= EXERCISE DIRECTIONS =
Reproduce each of the following records without any deviation.

[Start of section]

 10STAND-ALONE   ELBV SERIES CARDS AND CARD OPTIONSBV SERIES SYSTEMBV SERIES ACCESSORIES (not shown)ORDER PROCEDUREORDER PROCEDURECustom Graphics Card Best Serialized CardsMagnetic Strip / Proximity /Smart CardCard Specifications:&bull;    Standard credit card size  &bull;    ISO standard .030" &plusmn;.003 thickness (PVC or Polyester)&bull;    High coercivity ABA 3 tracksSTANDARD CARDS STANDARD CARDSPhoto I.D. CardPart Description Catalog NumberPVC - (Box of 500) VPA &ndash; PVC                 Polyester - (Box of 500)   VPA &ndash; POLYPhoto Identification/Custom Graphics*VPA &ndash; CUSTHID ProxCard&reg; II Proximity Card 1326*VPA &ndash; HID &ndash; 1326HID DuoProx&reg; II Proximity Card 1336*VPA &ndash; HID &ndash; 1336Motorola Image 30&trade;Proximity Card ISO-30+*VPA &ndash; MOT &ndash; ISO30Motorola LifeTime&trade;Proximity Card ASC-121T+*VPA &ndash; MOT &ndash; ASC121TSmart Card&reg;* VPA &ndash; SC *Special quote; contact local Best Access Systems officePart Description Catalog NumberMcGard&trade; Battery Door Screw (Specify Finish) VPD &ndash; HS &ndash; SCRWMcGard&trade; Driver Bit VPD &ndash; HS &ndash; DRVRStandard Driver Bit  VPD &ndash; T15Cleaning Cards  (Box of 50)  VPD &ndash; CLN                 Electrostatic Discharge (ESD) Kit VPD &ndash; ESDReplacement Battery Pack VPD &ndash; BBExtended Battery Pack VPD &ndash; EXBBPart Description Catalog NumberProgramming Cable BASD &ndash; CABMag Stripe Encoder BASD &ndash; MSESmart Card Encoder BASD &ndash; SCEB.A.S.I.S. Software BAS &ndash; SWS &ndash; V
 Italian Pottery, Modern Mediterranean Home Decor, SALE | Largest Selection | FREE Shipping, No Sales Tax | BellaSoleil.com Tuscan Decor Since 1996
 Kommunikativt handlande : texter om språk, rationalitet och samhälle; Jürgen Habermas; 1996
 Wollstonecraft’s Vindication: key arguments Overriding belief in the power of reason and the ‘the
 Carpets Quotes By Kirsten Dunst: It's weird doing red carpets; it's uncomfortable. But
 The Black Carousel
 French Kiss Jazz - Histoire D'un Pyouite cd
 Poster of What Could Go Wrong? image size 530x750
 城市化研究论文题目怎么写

[End of section]

= WRITTEN RESPONSE =
 10STAND-ALONE   ELBV SERIES CARDS AND CARD OPTIONSBV SERIES SYSTEMBV SERIES ACCESSORIES (not shown)ORDER PROCEDUREORDER PROCEDURECustom Graphics Card Best Serialized CardsMagnetic Strip / Proximity /Smart CardCard Specifications:&bull;    Standard credit card size  &bull;    ISO standard .030" &plusmn;.003 thickness (PVC or Polyester)&bull;    High coercivity ABA 3 tracksSTANDARD CARDS STANDARD CARDSPhoto I.D. CardPart Description Catalog NumberPVC - (Box of 500) VPA &ndash; PVC                 Polyester - (Box of 500)   VPA &ndash; POLYPhoto Identification/Custom Graphics*VPA &ndash; CUSTHID ProxCard&reg; II Proximity Card 1326*VPA &ndash; HID &ndash; 1326HID DuoProx&reg; II Proximity Card 1336*VPA &ndash; HID &ndash; 1336Motorola Image 30&trade;Proximity Card ISO-30+*VPA &ndash; MOT &ndash; ISO30Motorola LifeTime&trade;Proximity Card ASC-121T+*VPA &ndash; MOT &ndash; ASC121TSmart Card&reg;* VPA &ndash; SC *Special quote; contact local Best Access Systems officePart Description Catalog NumberMcGard&trade; Battery Door Screw (Specify Finish) VPD &ndash; HS &ndash; SCRWMcGard&trade; Driver Bit VPD &ndash; HS &ndash; DRVRStandard Driver Bit  VPD &ndash; T15Cleaning Cards  (Box of 50)  VPD &ndash; CLN                 Electrostatic Discharge (ESD) Kit VPD &ndash; ESDReplacement Battery Pack VPD &ndash; BBExtended Battery Pack VPD &ndash; EXBBPart Description Catalog NumberProgramming Cable BASD &ndash; CABMag Stripe Encoder BASD &ndash; MSESmart Card Encoder BASD &ndash; SCEB.A.S.I.S. Software BAS &ndash; SWS &ndash; V
 Italian Pottery, Modern Mediterranean Home Decor, SALE | Largest Selection | FREE Shipping, No Sales Tax | BellaSoleil.com Tuscan Decor Since 1996
 Kommunikativt handlande : texter om språk, rationalitet och samhälle; Jürgen Habermas; 1996
 Wollstonecraft’s Vindication: key arguments Overriding belief in the power of reason and the ‘the
 Carpets Quotes By Kirsten Dunst: It's weird doing red carpets; it's uncomfortable. But
 The Black Carousel
 French Kiss Jazz - Histoire D'un Pyouite cd
 Poster of What Could Go Wrong? image size 530x750
 城市化研究论文题目怎么写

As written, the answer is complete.